Regards, Martin Brown

Reply to
Martin Brown

Ebay has some interesting looking items from about £10 up (auction) or say £20 by it now. all from far east. Wifi connectivity to your network and a phone app (apple or android) for control.

Most seem limited to 10a (possibly resistive load too) which sounds like it is enough for the OP needs. Some include timers with remote override.

No where have I seen whether there is any feedback to the remote unit on the success or otherwise of the transaction or the ability to interrogate the unit as to its current state (on or off)

Then there is a huge price leap to £100 or so and other than a brand name and possibly better support, its not obvious there is a huge leap in functionality.

An attempt at mild security could be obtained by mac address filtering on your network. Could well be enough assuming you are not switching critical life support systems on and off!

Reply to
Bob Minchin

Anyone inside your house could just physically unplug stuff, anyone outside your house you're not going to see their MAC address

Reply to
Andy Burns

Indeed this can be true - you only need look at the vast number of home webcams / baby monitors you can go and watch using a hacking tool no more sophisticated than google!

It does not have to be a gaping vulnerability, but it does take some thought. Each stage of setup is not particularly complex, but the overall picture is non trivial.
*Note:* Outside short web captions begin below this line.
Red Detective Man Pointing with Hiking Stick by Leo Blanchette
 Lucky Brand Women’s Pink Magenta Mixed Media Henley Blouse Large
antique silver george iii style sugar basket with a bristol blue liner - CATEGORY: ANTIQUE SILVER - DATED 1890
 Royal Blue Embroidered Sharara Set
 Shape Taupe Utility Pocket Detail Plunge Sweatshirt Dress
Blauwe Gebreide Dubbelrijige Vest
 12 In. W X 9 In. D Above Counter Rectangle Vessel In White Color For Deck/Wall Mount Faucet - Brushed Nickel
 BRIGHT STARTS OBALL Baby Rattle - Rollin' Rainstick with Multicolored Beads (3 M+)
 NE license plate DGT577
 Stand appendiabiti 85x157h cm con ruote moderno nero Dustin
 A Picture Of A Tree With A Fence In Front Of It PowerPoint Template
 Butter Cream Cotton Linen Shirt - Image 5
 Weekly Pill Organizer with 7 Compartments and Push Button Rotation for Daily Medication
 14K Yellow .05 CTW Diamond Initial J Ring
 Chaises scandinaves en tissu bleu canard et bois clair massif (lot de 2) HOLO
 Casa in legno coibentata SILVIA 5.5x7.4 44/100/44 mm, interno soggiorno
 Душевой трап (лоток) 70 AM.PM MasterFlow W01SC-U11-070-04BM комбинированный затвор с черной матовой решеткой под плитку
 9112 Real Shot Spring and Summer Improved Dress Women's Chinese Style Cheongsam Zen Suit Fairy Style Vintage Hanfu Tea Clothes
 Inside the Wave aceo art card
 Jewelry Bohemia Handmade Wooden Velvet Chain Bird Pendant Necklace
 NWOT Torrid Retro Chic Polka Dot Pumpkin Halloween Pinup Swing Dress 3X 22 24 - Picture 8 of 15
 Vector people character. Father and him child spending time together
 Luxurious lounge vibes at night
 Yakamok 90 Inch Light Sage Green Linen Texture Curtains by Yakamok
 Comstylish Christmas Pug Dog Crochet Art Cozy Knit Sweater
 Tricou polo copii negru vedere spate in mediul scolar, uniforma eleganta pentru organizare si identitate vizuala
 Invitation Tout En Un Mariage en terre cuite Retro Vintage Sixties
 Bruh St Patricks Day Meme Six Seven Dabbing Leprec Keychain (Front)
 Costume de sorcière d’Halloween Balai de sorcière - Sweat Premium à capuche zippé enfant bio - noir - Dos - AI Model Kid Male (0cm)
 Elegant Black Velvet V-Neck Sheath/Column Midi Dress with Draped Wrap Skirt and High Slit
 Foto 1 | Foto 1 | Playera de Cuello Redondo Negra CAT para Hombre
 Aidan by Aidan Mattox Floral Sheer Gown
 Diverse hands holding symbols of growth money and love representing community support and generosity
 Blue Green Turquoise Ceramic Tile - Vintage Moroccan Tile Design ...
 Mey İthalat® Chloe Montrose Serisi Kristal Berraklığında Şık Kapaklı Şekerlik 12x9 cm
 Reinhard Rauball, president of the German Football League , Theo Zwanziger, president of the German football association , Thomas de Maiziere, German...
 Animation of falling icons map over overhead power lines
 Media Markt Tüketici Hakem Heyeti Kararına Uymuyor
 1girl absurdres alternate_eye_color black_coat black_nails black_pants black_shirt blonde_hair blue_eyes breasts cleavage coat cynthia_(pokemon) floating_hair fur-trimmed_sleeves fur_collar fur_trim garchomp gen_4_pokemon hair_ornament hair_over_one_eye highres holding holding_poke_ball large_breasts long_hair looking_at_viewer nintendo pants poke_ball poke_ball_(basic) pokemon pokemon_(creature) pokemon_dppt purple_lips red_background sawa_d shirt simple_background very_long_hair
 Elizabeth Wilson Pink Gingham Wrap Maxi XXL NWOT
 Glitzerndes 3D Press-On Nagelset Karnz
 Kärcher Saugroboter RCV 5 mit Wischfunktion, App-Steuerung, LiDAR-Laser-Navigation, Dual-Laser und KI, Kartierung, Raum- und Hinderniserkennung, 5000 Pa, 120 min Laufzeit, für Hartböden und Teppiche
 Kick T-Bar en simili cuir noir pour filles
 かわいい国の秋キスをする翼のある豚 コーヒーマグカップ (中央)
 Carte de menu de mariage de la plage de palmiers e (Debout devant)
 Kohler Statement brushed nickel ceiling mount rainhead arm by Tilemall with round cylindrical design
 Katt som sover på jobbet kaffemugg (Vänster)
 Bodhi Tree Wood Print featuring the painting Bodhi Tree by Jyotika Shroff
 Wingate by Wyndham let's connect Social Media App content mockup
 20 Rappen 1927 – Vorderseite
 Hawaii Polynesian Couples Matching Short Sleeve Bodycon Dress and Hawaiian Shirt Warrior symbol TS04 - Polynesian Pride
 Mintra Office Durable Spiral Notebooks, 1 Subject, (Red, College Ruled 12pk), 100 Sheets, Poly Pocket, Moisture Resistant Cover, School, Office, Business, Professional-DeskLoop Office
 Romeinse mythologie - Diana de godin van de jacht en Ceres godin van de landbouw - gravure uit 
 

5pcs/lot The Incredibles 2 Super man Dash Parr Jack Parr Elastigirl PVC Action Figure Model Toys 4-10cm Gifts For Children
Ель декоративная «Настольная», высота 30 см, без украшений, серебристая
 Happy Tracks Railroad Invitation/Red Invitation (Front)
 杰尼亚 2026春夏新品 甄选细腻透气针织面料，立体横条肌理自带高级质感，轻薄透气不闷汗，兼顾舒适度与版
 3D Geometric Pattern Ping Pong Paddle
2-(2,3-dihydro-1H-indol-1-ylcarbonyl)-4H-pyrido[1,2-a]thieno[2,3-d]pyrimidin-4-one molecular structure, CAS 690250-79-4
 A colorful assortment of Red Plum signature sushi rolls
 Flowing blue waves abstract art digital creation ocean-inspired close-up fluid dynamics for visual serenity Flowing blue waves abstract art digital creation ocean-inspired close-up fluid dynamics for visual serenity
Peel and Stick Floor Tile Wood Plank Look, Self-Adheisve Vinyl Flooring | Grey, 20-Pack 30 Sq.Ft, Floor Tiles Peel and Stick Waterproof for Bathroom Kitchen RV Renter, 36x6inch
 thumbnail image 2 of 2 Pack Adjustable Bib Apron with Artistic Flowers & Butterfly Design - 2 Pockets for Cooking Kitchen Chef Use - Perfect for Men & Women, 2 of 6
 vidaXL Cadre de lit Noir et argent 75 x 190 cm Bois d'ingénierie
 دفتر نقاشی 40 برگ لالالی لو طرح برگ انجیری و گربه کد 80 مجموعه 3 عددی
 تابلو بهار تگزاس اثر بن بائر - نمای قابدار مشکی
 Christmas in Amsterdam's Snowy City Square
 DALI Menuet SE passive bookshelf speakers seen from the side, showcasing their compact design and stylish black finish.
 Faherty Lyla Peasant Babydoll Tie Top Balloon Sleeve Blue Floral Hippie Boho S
Ideally the only allowable connection into the router would be by an encrypted Virtual Private Network. However to achieve that really needs a router capable of supporting VPN termination (most SOHO routers allow VPN passthrough, but don't have the capability to form one end of a VPN connection themselves).

Once into the network via VPN, then you just want a hole through the firewall that will only get you to the device of interest. Ideally with the hole not on a standard port - that way you don't advertise what kind of device it is and what protocols its likely to speak. Its better still if that device is behind its own firewall so it has limited or no access to the rest of the lan - then it can't be used as stepping stone to get further into the lan even if it can be owned.

Reply to
John Rumm

I've used this extensively in the past, though not 'right now'

Provided you map only a single socket, and provided that what you can

*do* with that socket is secure, its not actually a huge issue.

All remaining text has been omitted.